Governor Tom Vilsack doubts he and state legislators will make any changes in the state law which forbids sex offenders from living within two-thousand feet of a school or day care. Small town city councils throughout the state have begun passing local ordinances to banish sex offenders from their communities.
The Des Moines City Council is considering an ordinance which would ban sex offenders from living in the only two neighborhoods in Des Moines which are not within two-thousand feet of a school or day care.
Governor Vilsack doubts legislators will try to prevent communities from taking those steps. “I mean, let’s be honest here,” Vilsack says. “Politically, does anybody see this actually happening?” The Iowa Civil Liberties Union has asked the U.S. Supreme Court to rule the living restrictions for sex offenders released from prison are unconstitutional. Vilsack suggests the political reality is state lawmakers will sit back and wait for the courts to rule. “My point of all this is to face the political reality of it,” Vilsack says.

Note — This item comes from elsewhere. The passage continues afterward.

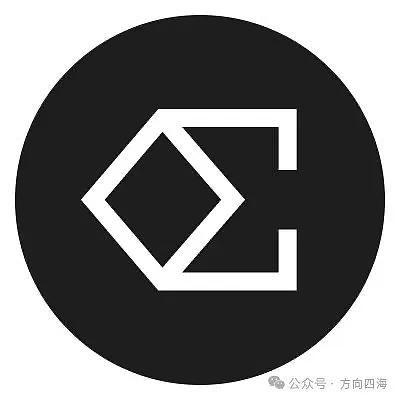 GameFi热潮卷土重来：主流交易所链游项目大盘点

The governor says governors, legislators and city council members want to protect children. “Maybe we come up with imperfect ways, but the intent is to protect our children,” Vilsack says. Vilsack says during his walk last week through small town Iowa, he heard from mayors who were concerned sex offenders would begin moving out of cities and into small towns. “I think what you’re seeing is a reaction and a justifiable reaction on the part of Iowans to protecting their children,” Vilsack says.